Despite this extraordinary contradiction, the RATE project has been marketed as a success, with books, DVDs, and conferences proclaiming accelerated nuclear decay as a rock-solid fact, supported by "overwhelming" evidence. The heat problem is casually dismissed as merely a minor issue — if in fact it ever gets mentioned at all. Accelerated nuclear decay is now touted as the cornerstone of the YEC objections to radiometric dating.

The crown jewels of young-earth research?

If you're a young-earth creationist, struggling to figure out why even many born-again, Spirit-filled Christians find the LSDYEC position an embarrassment despite having a high regard for the Bible, this is why. The sheer absurdity of the RATE team's willingness to downplay the 22,000°C heat problem is mind-boggling. Reading the conclusion of the RATE report, it is almost impossible to believe that it is genuine creationist apologetics, and not some sort of wild atheist parody like the Flying Spaghetti Monster or Last Thursdayism. Even one young-earth creationist friend I spoke to about it thought it was some kind of hoax to "discredit creationism." 22,000°C is four times as hot as the surface of the sun, and hot enough to vaporise the entire planet.

But this is no parody, nor is it the idea of some fringe armchair physicist, nor can it be excused as shoestring research that was only flaky through being under-funded. As far as young-earth research goes, this is about as mainstream as it gets. The RATE project was the most expensive, extensive and thorough research project ever carried out by YEC scientists. They threw eight years, six of their best physicists and geologists, and more than a million dollars at the problem. It has been endorsed by all the major YEC organisations. It represents the very crown jewels of young-earth science.

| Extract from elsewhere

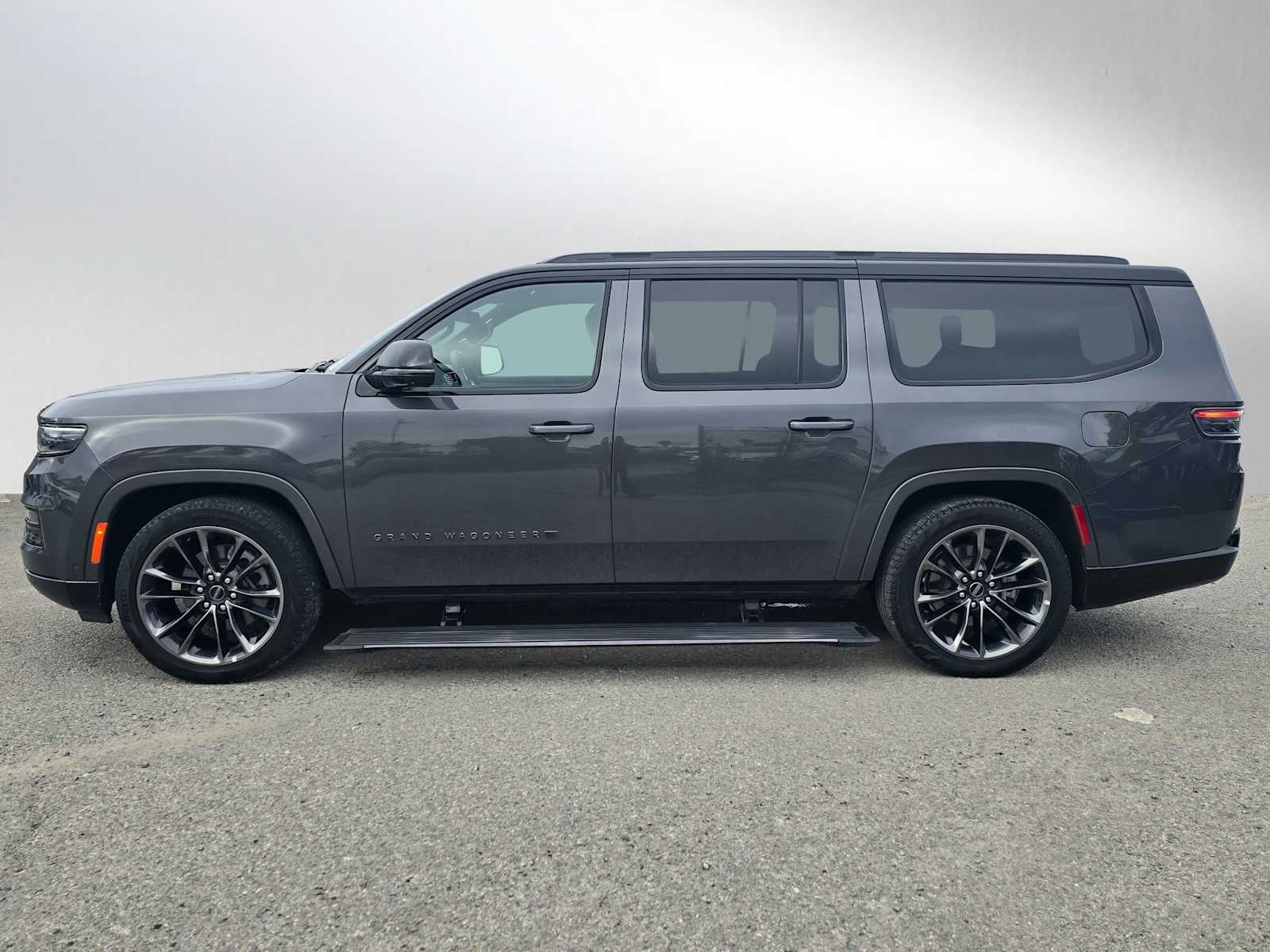 2024 Jeep Grand Wagoneer L Series III Obsidian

This is what happens when you try to make scientific evidence fit conclusions that it does not support. The consensus of professional geochronologists is that the earth is 4.54±0.05 billion years old, and any challenge to that figure needs to be based on sound methodology, honest reporting of results, and careful scrutiny through a process of independent peer review. It simply isn't honest to make up science fiction to try and fit the conclusions you want to get. It does not honour God and it does not uphold the Bible. On the contrary, it makes a mockery of it.